Hmmmm. I'll have to think about a d6 variant of Microlite20. My gut feelings are that it adds a little more complexity, even though the dice are easier to get  hold of. Perhaps if you got rid of the stats and just used Fort, Ref and Will instead....... Lemme think more 

Meantime, Microlite20 is celebrating Free RPG Day with not one, but two complete M20-inspired games for your enjoyment - grab your Spy and Superhero goodness right here.

See you there, and *Happy RPG Day*!


----------



## Age of Fable (Jun 22, 2008)

Also, there's already at least two cut-down Dungeons & Dragons which only use d6s (Tunnels & Trolls and Forward...to Adventure!).


----------



## Age of Fable (Jun 22, 2008)

Do you prefer people to comment in this thread, or in the forums on your site?


----------



## greywulf (Jun 23, 2008)

Either!

I try to keep an eye on the ENWorld threads when I can, but might miss a day or two sometimes. 

If I'm not around, just talk among yourselves


----------



## greywulf (Jun 23, 2008)

Oh, and Tunnels & Trolls is definitely NOT a cut down Dungeons & Dragons.
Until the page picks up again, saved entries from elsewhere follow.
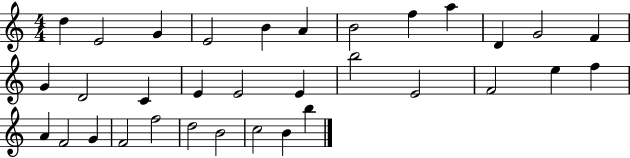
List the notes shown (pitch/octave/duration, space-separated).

D5/q E4/h G4/q E4/h B4/q A4/q B4/h F5/q A5/q D4/q G4/h F4/q G4/q D4/h C4/q E4/q E4/h E4/q B5/h E4/h F4/h E5/q F5/q A4/q F4/h G4/q F4/h F5/h D5/h B4/h C5/h B4/q B5/q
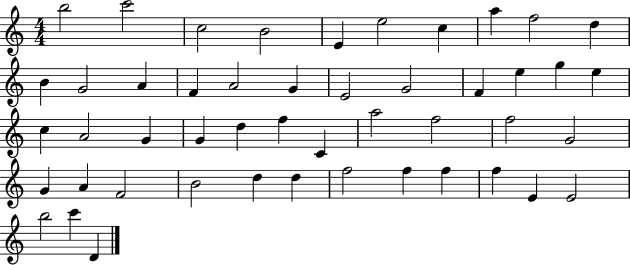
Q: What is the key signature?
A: C major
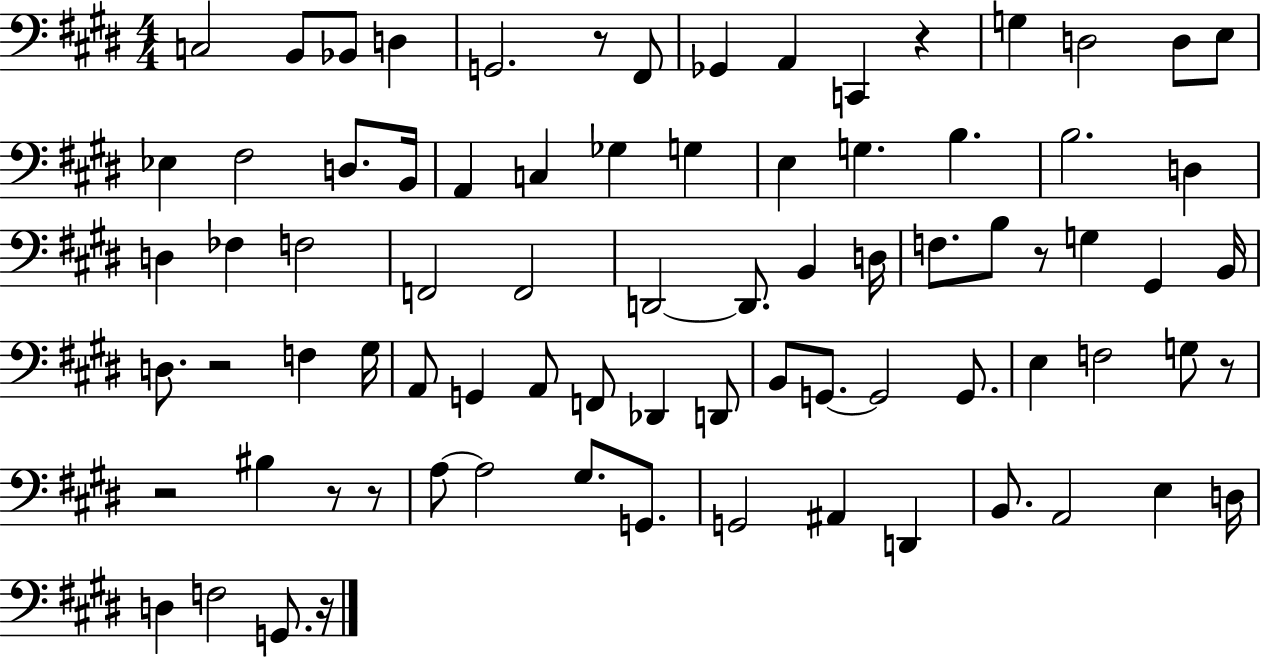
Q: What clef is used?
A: bass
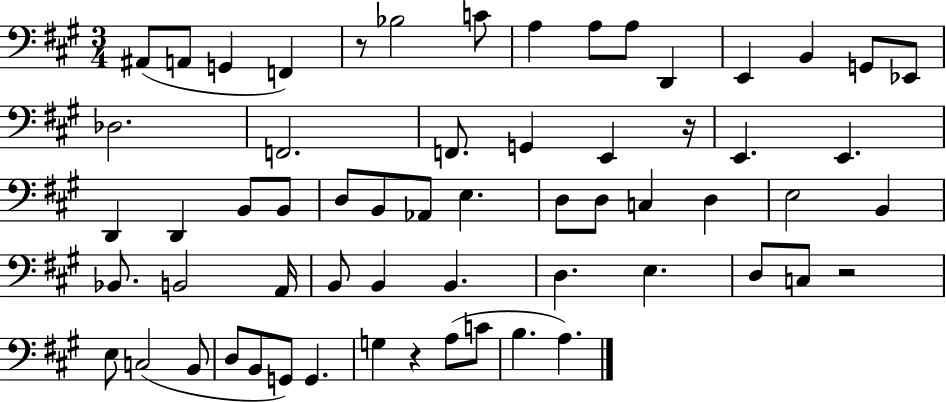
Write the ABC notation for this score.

X:1
T:Untitled
M:3/4
L:1/4
K:A
^A,,/2 A,,/2 G,, F,, z/2 _B,2 C/2 A, A,/2 A,/2 D,, E,, B,, G,,/2 _E,,/2 _D,2 F,,2 F,,/2 G,, E,, z/4 E,, E,, D,, D,, B,,/2 B,,/2 D,/2 B,,/2 _A,,/2 E, D,/2 D,/2 C, D, E,2 B,, _B,,/2 B,,2 A,,/4 B,,/2 B,, B,, D, E, D,/2 C,/2 z2 E,/2 C,2 B,,/2 D,/2 B,,/2 G,,/2 G,, G, z A,/2 C/2 B, A,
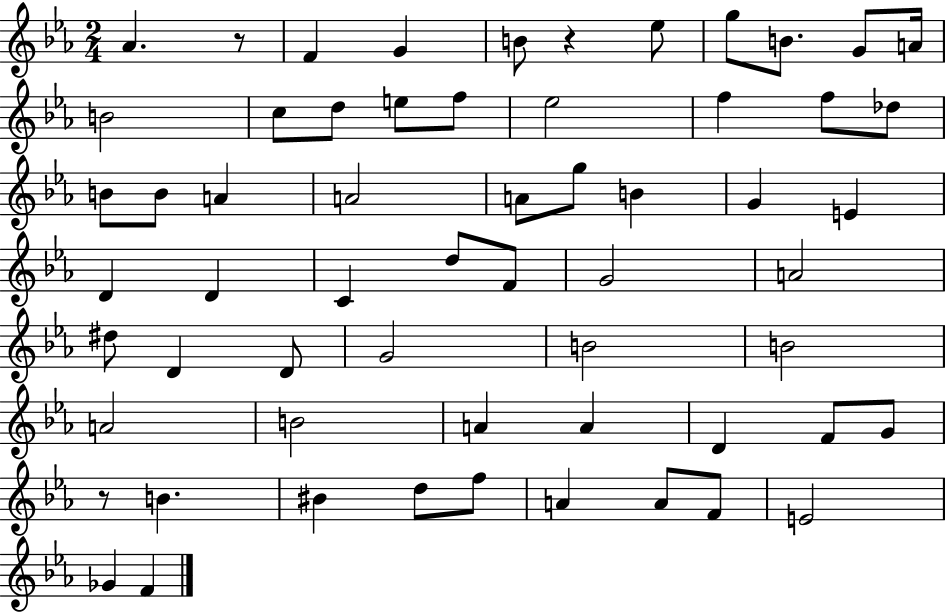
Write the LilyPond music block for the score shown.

{
  \clef treble
  \numericTimeSignature
  \time 2/4
  \key ees \major
  aes'4. r8 | f'4 g'4 | b'8 r4 ees''8 | g''8 b'8. g'8 a'16 | \break b'2 | c''8 d''8 e''8 f''8 | ees''2 | f''4 f''8 des''8 | \break b'8 b'8 a'4 | a'2 | a'8 g''8 b'4 | g'4 e'4 | \break d'4 d'4 | c'4 d''8 f'8 | g'2 | a'2 | \break dis''8 d'4 d'8 | g'2 | b'2 | b'2 | \break a'2 | b'2 | a'4 a'4 | d'4 f'8 g'8 | \break r8 b'4. | bis'4 d''8 f''8 | a'4 a'8 f'8 | e'2 | \break ges'4 f'4 | \bar "|."
}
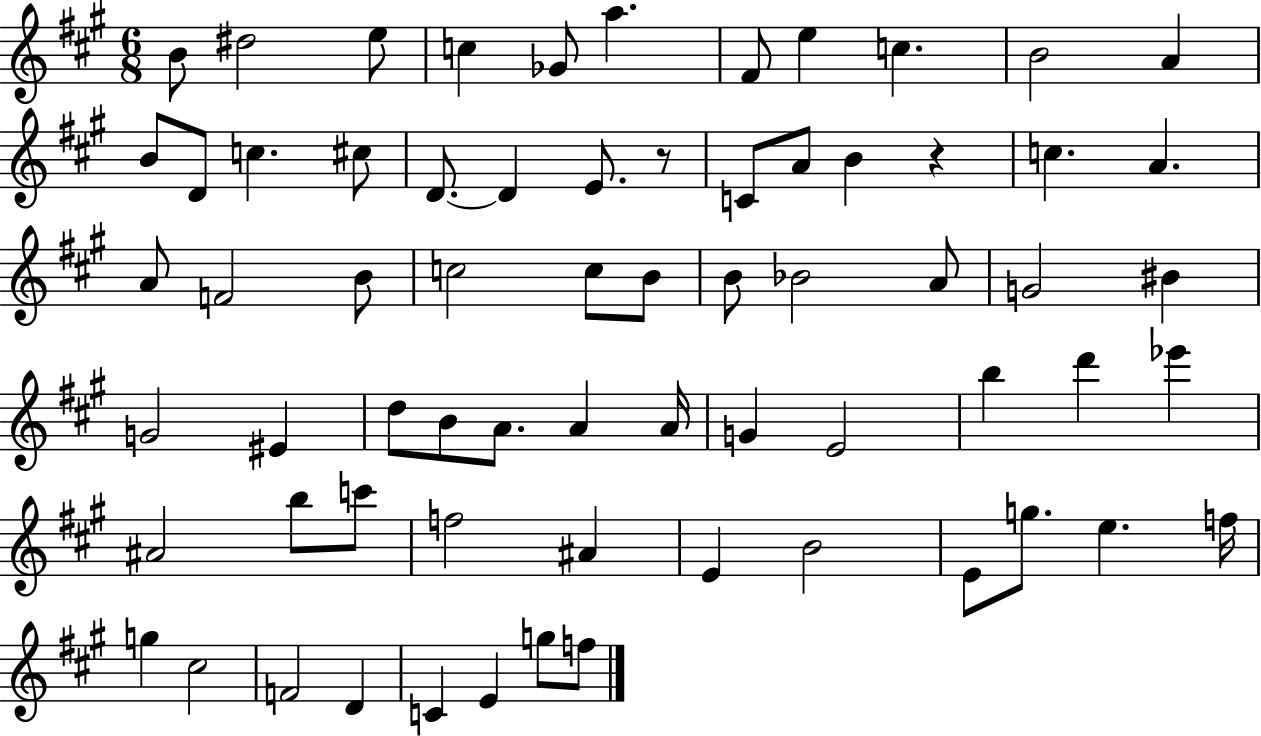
X:1
T:Untitled
M:6/8
L:1/4
K:A
B/2 ^d2 e/2 c _G/2 a ^F/2 e c B2 A B/2 D/2 c ^c/2 D/2 D E/2 z/2 C/2 A/2 B z c A A/2 F2 B/2 c2 c/2 B/2 B/2 _B2 A/2 G2 ^B G2 ^E d/2 B/2 A/2 A A/4 G E2 b d' _e' ^A2 b/2 c'/2 f2 ^A E B2 E/2 g/2 e f/4 g ^c2 F2 D C E g/2 f/2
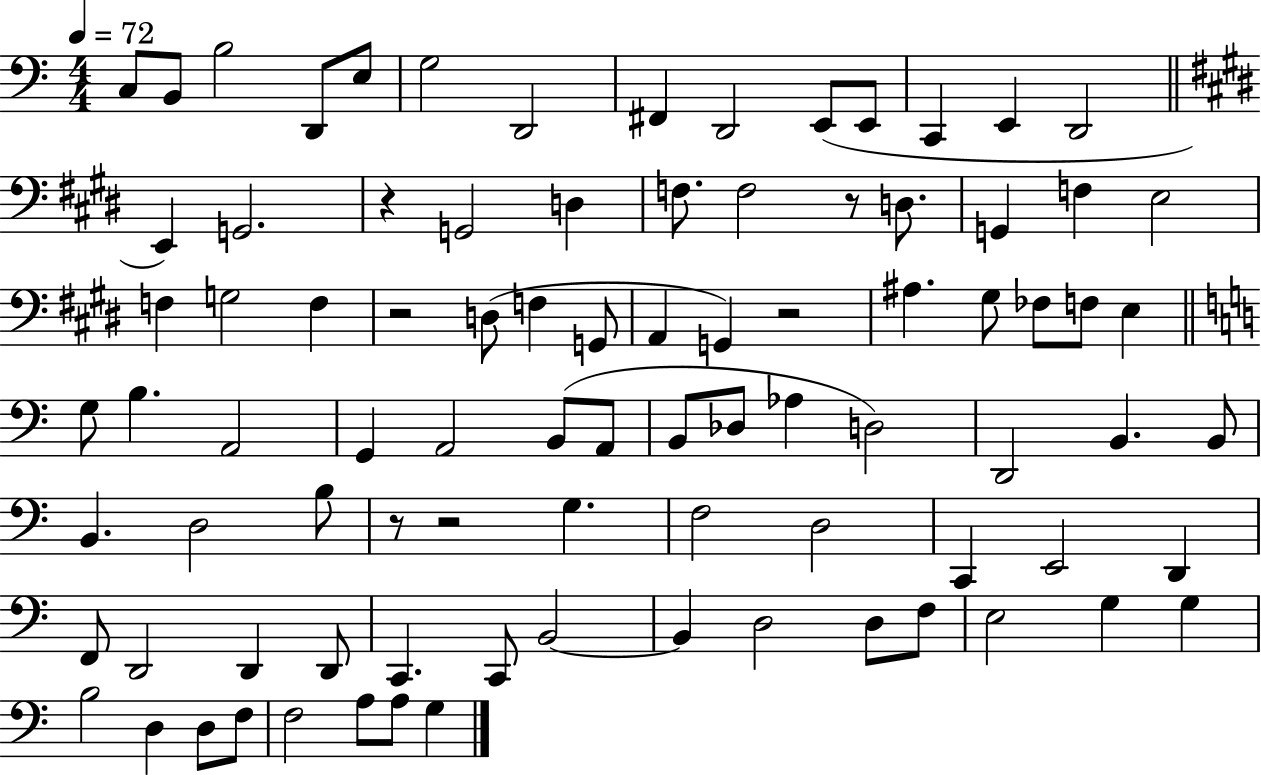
{
  \clef bass
  \numericTimeSignature
  \time 4/4
  \key c \major
  \tempo 4 = 72
  c8 b,8 b2 d,8 e8 | g2 d,2 | fis,4 d,2 e,8( e,8 | c,4 e,4 d,2 | \break \bar "||" \break \key e \major e,4) g,2. | r4 g,2 d4 | f8. f2 r8 d8. | g,4 f4 e2 | \break f4 g2 f4 | r2 d8( f4 g,8 | a,4 g,4) r2 | ais4. gis8 fes8 f8 e4 | \break \bar "||" \break \key a \minor g8 b4. a,2 | g,4 a,2 b,8( a,8 | b,8 des8 aes4 d2) | d,2 b,4. b,8 | \break b,4. d2 b8 | r8 r2 g4. | f2 d2 | c,4 e,2 d,4 | \break f,8 d,2 d,4 d,8 | c,4. c,8 b,2~~ | b,4 d2 d8 f8 | e2 g4 g4 | \break b2 d4 d8 f8 | f2 a8 a8 g4 | \bar "|."
}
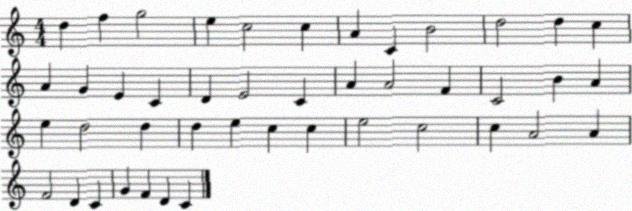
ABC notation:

X:1
T:Untitled
M:4/4
L:1/4
K:C
d f g2 e c2 c A C B2 d2 d c A G E C D E2 C A A2 F C2 B A e d2 d d e c c e2 c2 c A2 A F2 D C G F D C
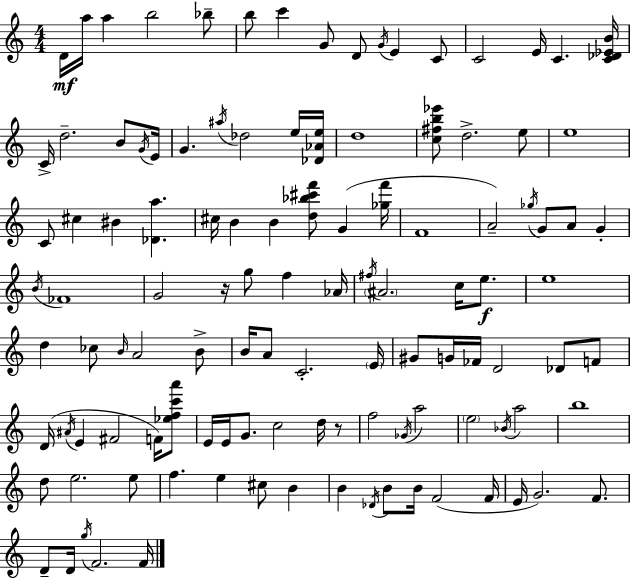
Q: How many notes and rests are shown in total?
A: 114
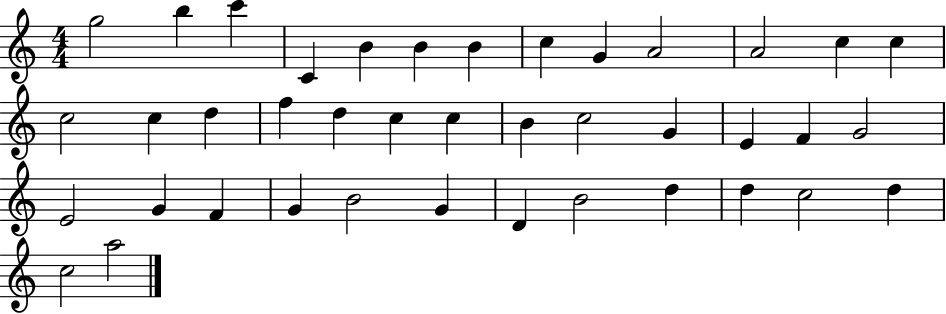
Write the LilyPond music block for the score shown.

{
  \clef treble
  \numericTimeSignature
  \time 4/4
  \key c \major
  g''2 b''4 c'''4 | c'4 b'4 b'4 b'4 | c''4 g'4 a'2 | a'2 c''4 c''4 | \break c''2 c''4 d''4 | f''4 d''4 c''4 c''4 | b'4 c''2 g'4 | e'4 f'4 g'2 | \break e'2 g'4 f'4 | g'4 b'2 g'4 | d'4 b'2 d''4 | d''4 c''2 d''4 | \break c''2 a''2 | \bar "|."
}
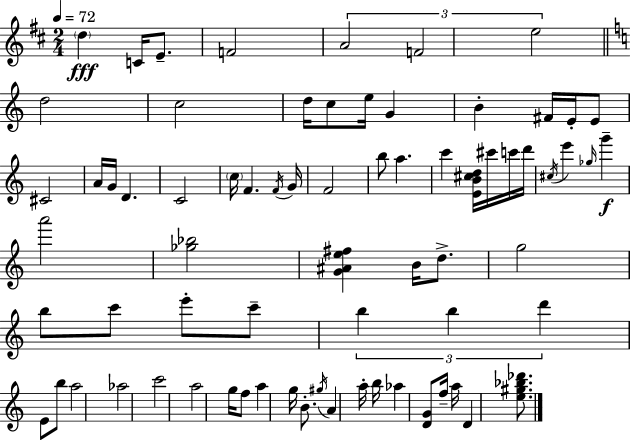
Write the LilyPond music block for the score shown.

{
  \clef treble
  \numericTimeSignature
  \time 2/4
  \key d \major
  \tempo 4 = 72
  \parenthesize d''4\fff c'16 e'8.-- | f'2 | \tuplet 3/2 { a'2 | f'2 | \break e''2 } | \bar "||" \break \key c \major d''2 | c''2 | d''16 c''8 e''16 g'4 | b'4-. fis'16 e'16-. e'8 | \break cis'2 | a'16 g'16 d'4. | c'2 | \parenthesize c''16 f'4. \acciaccatura { f'16 } | \break g'16 f'2 | b''8 a''4. | c'''4 <e' b' cis'' d''>16 cis'''16 c'''16 | d'''16 \acciaccatura { cis''16 } e'''4 \grace { ges''16 }\f g'''4-- | \break a'''2 | <ges'' bes''>2 | <g' ais' e'' fis''>4 b'16 | d''8.-> g''2 | \break b''8 c'''8 e'''8-. | c'''8-- \tuplet 3/2 { b''4 b''4 | d'''4 } e'8 | b''8 a''2 | \break aes''2 | c'''2 | a''2 | g''16 f''8 a''4 | \break g''16 b'8.-. \acciaccatura { gis''16 } a'4 | a''16-. b''16 aes''4 | <d' g'>8 f''16-- a''16 d'4 | <e'' gis'' bes'' des'''>8. \bar "|."
}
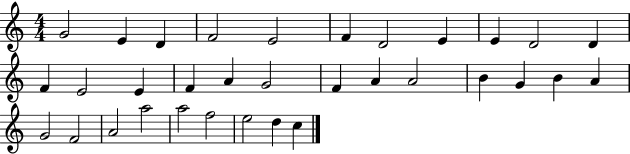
{
  \clef treble
  \numericTimeSignature
  \time 4/4
  \key c \major
  g'2 e'4 d'4 | f'2 e'2 | f'4 d'2 e'4 | e'4 d'2 d'4 | \break f'4 e'2 e'4 | f'4 a'4 g'2 | f'4 a'4 a'2 | b'4 g'4 b'4 a'4 | \break g'2 f'2 | a'2 a''2 | a''2 f''2 | e''2 d''4 c''4 | \break \bar "|."
}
I know some places where you'll be shot on sight for such blasphemy!


----------



## mediapig (Jul 4, 2008)

greywulf said:


> Folks, listen up! Ok, look up. I've got a picture for you.
> 
> 
> 
> ...




DUDE!  I want these!  Bad!  Is  there any chance of an English version?  Those are EXACTLY what I want an ROG game to look like.  If there are any plans afoot to offer and English version, please let me know!


----------



## greywulf (Jul 4, 2008)

Consider yourself added to the list. I'd love to see it too


----------



## Mondbuchstaben (Jul 7, 2008)

mediapig said:


> DUDE!  I want these!  Bad!  Is  there any chance of an English version?  Those are EXACTLY what I want an ROG game to look like.  If there are any plans afoot to offer and English version, please let me know!




Thanks!

This edition was possible thanks to some coincidences (a DVD publisher wanting to target their marketing at role playing gamers and anime fans and a Microlite 20 fan in the position to decide about the marketing tool - me).



("ROG" game?)


----------



## kroh (Jul 7, 2008)

Wow... It is amazing how far the rules have come since the beginning and to see that they have jumped the pond into other langauges is very cool...

Regards, 
Walt


----------



## WildWalker (Jul 12, 2008)

*I finally got my D&D 4e books so I've been working on my "compatable with 4e" hack of M20. *

*Below is how far I've gotten. *

*There is some work that still needs to be done (things are not as clear and concise as I'd like because I want to slice it down into a PocketMod) and some things that are missing (Rituals for Mages and rules for Monster stat conversions) but I think I could use some input from other people before moving forward.*

*I would love it if y'all could hack away at it and give me some insight on how I might proceed.*

*I now need to finish up my re-hack of The Temple of K'thu'uk.*

*WildWalker*



*WildWalker's M20-4e V1.2*

*Stats*

There are 3 stats: Fortitude (FORT) _(Replaces Strength and Constitution)_, Reflexes (REF) (_Replaces Intelligence and Dexterity_) and Willpower (WILL) _(Replaces Wisdom and Charisma)._

Roll 4d6, drop lowest dice. Total remaining 3 dice and allocate to one of the stats. Repeat for remaining stats.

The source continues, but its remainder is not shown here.